# Product Review: Koni STR.T's (Streets)... Thank you, ModBargains.com! (Long read.)



## SPDSKTR (Sep 26, 2011)

*NOTE:* I use ModBargains.com for 95% of my purchases when it comes to things like this. My wheels, ///M3 bumper, and Koni STR.T's all came from them. Customer service has been beyond excellent and their prices are competitive. So yes... I am a bit biased towards them now. :hi:

*Backstory
---*
I was in need of shocks and struts badly. They lost all compression, all rebound... my car didn't handle like an E46. The first thing I had to look at was price. Unlike many of the people on this forum, I do not have six Lamborghini's in my twelve-car garage with my supermodel girlfriend (without pointy elbows, of course) making me sandwiches, so cost efficiency is required. People told me to go with Eibach, Bilstein, Tekico, or (lastly) Koni. By the looks of everything, I was going to be spending upwards of $650 on just parts. Greaaaaaat...

I was considering going with the Koni FSD's at first, for the whole concept of them seemed pretty cool. About twelve seconds later, I started reading about them. Some people loved them, but the majority of the people didn't like them. They claimed they were a bit soft under hard turns which would require something a bit stiffer. The price seemed decent, but the word "mushy" appeared in more than one review killed that deal.

But wait! What's this? Koni STR.T's for $425? We might be onto something...

For $425, I honestly couldn't resist. Cheaper than OEM, stiffer than OEM, compatible with lowering springs, reduced body roll... what's there to lose? I needed to find out! Let the research begin!

"My shock just randomly busted!"
"Busted after 5,000 miles."
"Oil leaked out after 25,000 miles!"

"Did you ever hit a bad pot hole?"

"Yes... "

:facepalm:

That was easy.

*The Decision
---*
As I said before, I'm on a tight budget. I can't afford electronically controlled Bilstein coil over systems (I can't lower my car, anyway... the terrain I drive over won't allow it). $425 was perfect for me AND they came with a lifetime warranty. If one busts, I ship it back and get a new one. It just seemed logical to me... so I bought them. ModBargains.com called me up the next day and wanted to verify what kind of car they were going on to ensure I didn't receive the wrong product. In less than a week, they were sitting at my door. I anxiously tore the boxes open (figuratively speaking) and began to admire these orange pistons.

*The Product
---*
The shocks and struts were exactly as advertised. They came with all necessary hardware (including new nuts and Koni window decals... more horsepower, right?) and were packaged up simply enough.
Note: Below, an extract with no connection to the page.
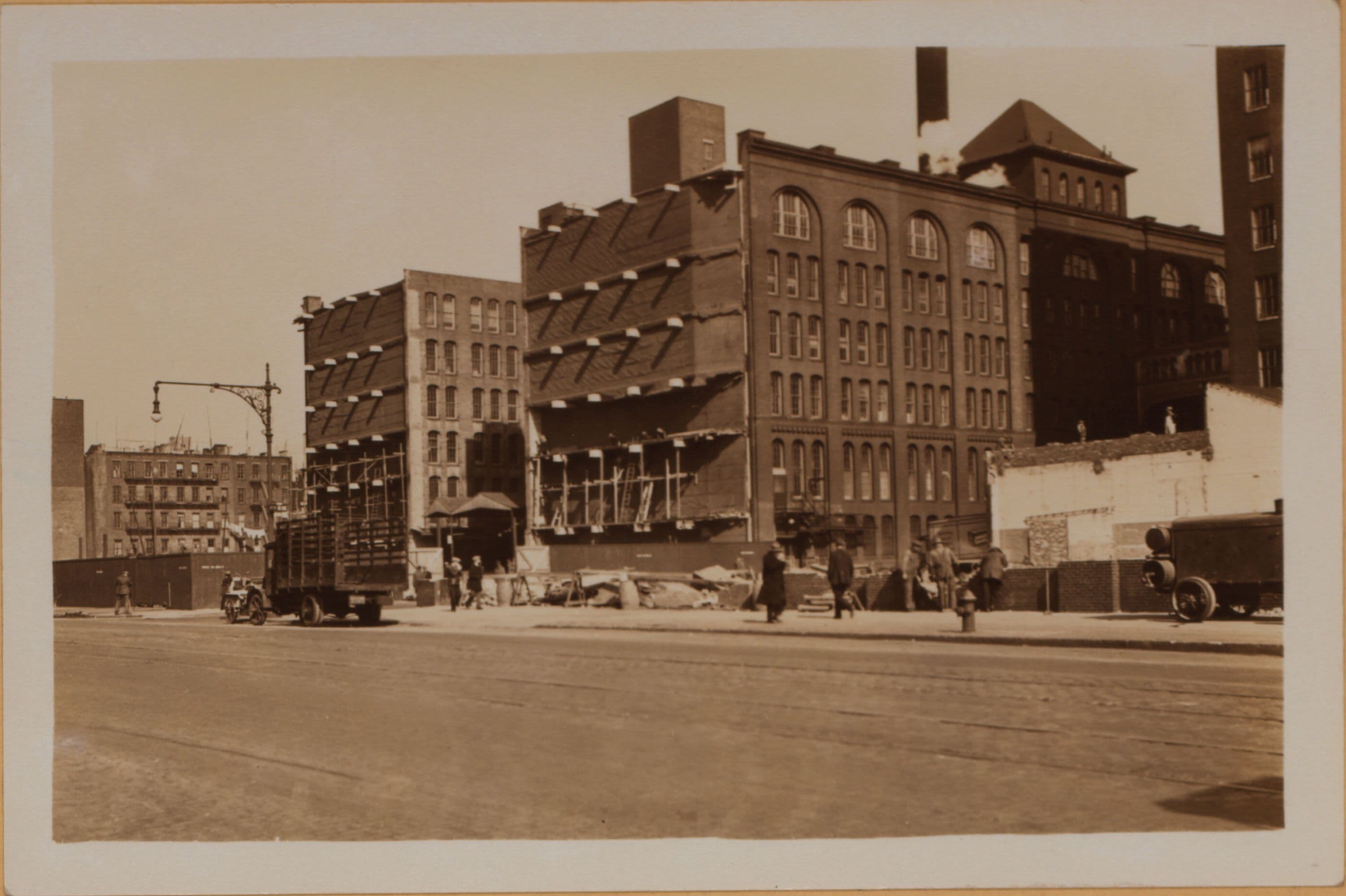 Manhattan: 10th Avenue - 15th Street, 1933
After getting them installed (along with new adjustable sway links), I had to flog it around some. While leaving my good friend *smolck*'s (his username) house, I hammered some corners that say 15 MPH is the recommended speed. Not today! I think I railed through them at nearly 40 MPH*. My car felt more solid than it ever has. Body roll was next to nothing and I nearly went flying into my door panel from the amount of lateral force being applied to my body. Bumps felt a little harsh, but it was expected. They are NOT stiff enough to jar the fillings out of your teeth, but they are stiffer than OEM Sach's shocks and struts.
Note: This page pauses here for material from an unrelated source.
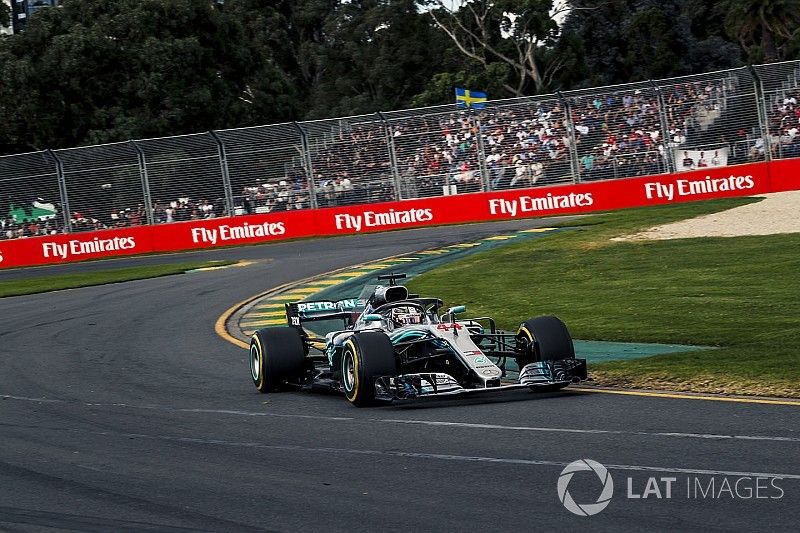 Verstappen : Retirer le mode fête à Mercedes serait "injuste"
I think this investment is one worth suggesting.

*The Bottom Line
---*
If you're looking to an alternative to OEM shocks but don't want to spend gobs of money on something that does the exact same thing, look into the Koni STR.T's. They are VERY affordable at $425, give the car a more solid feel, and they come with a lifetime warranty. They also look pretty good through the wheel behind the brake rotor... they match the orange color of the bulb in my corner lights while lit. I've only logged about 60 miles on them so far, but I will post an update after I manage to rail through some of my usual stomping grounds*.

I hope you found some useful information in this review and give these a look when it comes time to replace your worn out shocks and struts. Also look at these if you just want a relatively noticeable upgrade to your suspension. Paired with the OEM sport springs, they feel phenomenal.
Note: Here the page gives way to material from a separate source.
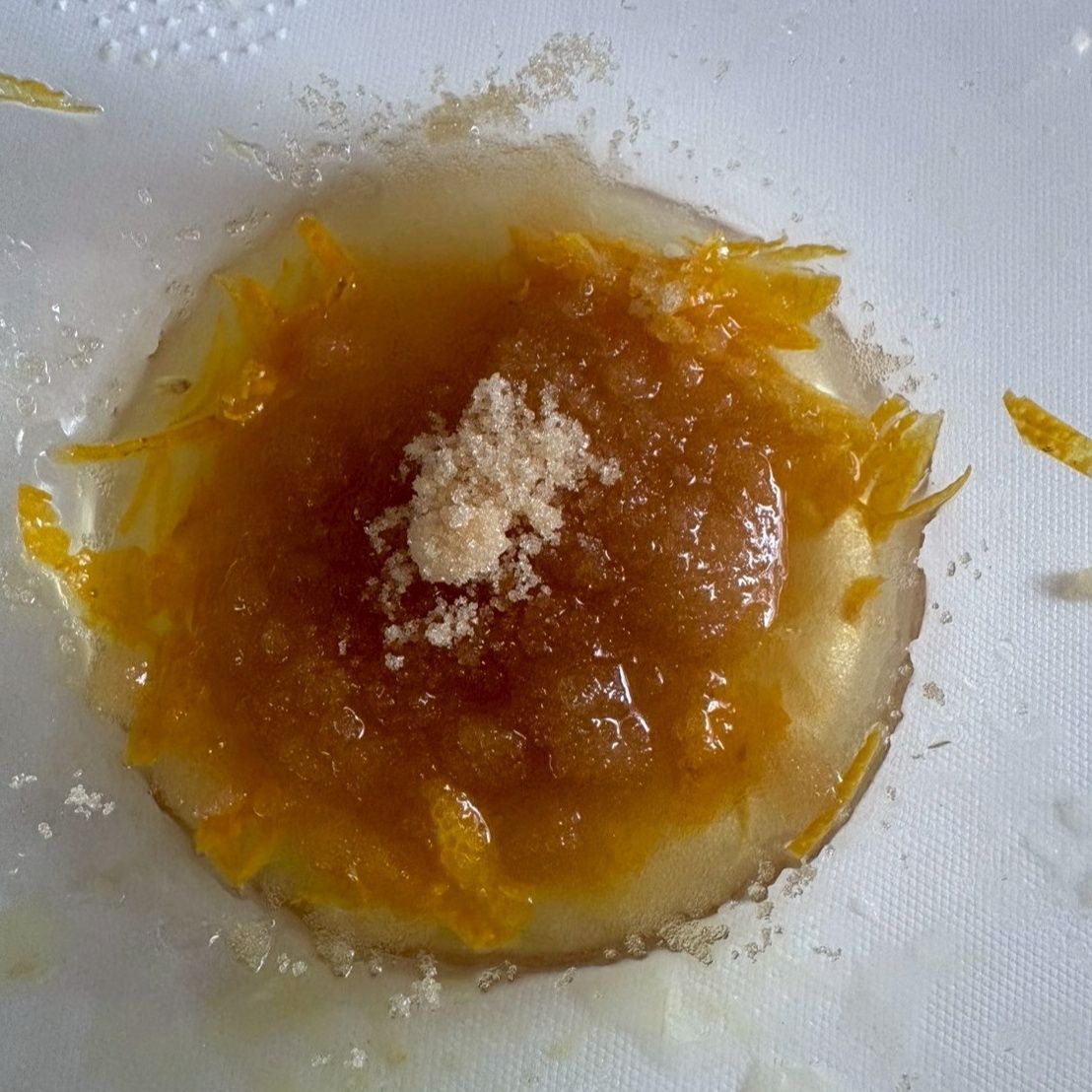 砂糖を入れてよく混ぜ合わせます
* - *DISCLAIMER:* I do not encourage street racing, reckless driving, or any other activities that could endanger yourself or other people. I make my own choices and I know the risks associated with them. Always wear your seat belt and keep racing on the track. Say no to drugs and drink your milk. Prices and participation may vary. Batteries not included.


----------



## gettin it (Dec 21, 2011)

Any pics of before and after?


----------



## SPDSKTR (Sep 26, 2011)

gettin it said:


> Any pics of before and after?


If you're referring to ride height, there is no difference... just the way the car drives has significantly improved. I kept the OEM sport springs on. Just imagine orange shocks and struts in your wheel well (you'd really have to look, though).


----------



## momo_oo[][]oo (May 23, 2007)

Can you install any lowering springs with this set of suspenison?


----------



## f1fork (May 23, 2010)

Nice review - seems like a great value. That said, dampers only reduce transient body roll - I'm sure handling is much better than before, but a material reduction in body roll simply by replacing dampers isn't going to happen. I just want to keep expectations in check for other readers.


----------



## ModBargains.com (Jan 9, 2012)

Glad to hear that you're happy with the KONI E46 STR.T shocks and thanks for posting up the review. The Koni STR.T shocks are an affordable solution and is a good alternative choice to the more expensive OEM shocks.



momo_oo[][]oo said:


> Can you install any lowering springs with this set of suspenison?


The KONI Street Shocks suitable for stock suspension and will also compliment other aftermarket suspension upgrades such as lowering springs or sway bars.


----------



## lgr122 (Aug 8, 2012)

So you're perfectly happy about how stiff your E46 is with STR.T's?

I might get set of those for mine.
Thinking of some mild lowering and as i understood those are good for that also.


----------



## ModBargains (Jan 9, 2012)

Thanks so much for the nice review! We appreciate the support and hope we can continue to help you and the rest of the community with anything you might need for your BMW!


----------



## SPDSKTR (Sep 26, 2011)

Holy bump. I just noticed this.

I always put out a good word for ModBargains.com when I can. 

Now... if I could just magically find a Shark Injector in my mailbox one day...


----------



## bin01123 (Dec 12, 2010)

Does anyone else having any updates with these shocks? Looking to replace the shocks on the wife's E90 and I wanted to see if there was another brand that was close to OEM but not as stiff as the Bilstein & Koni Sports


----------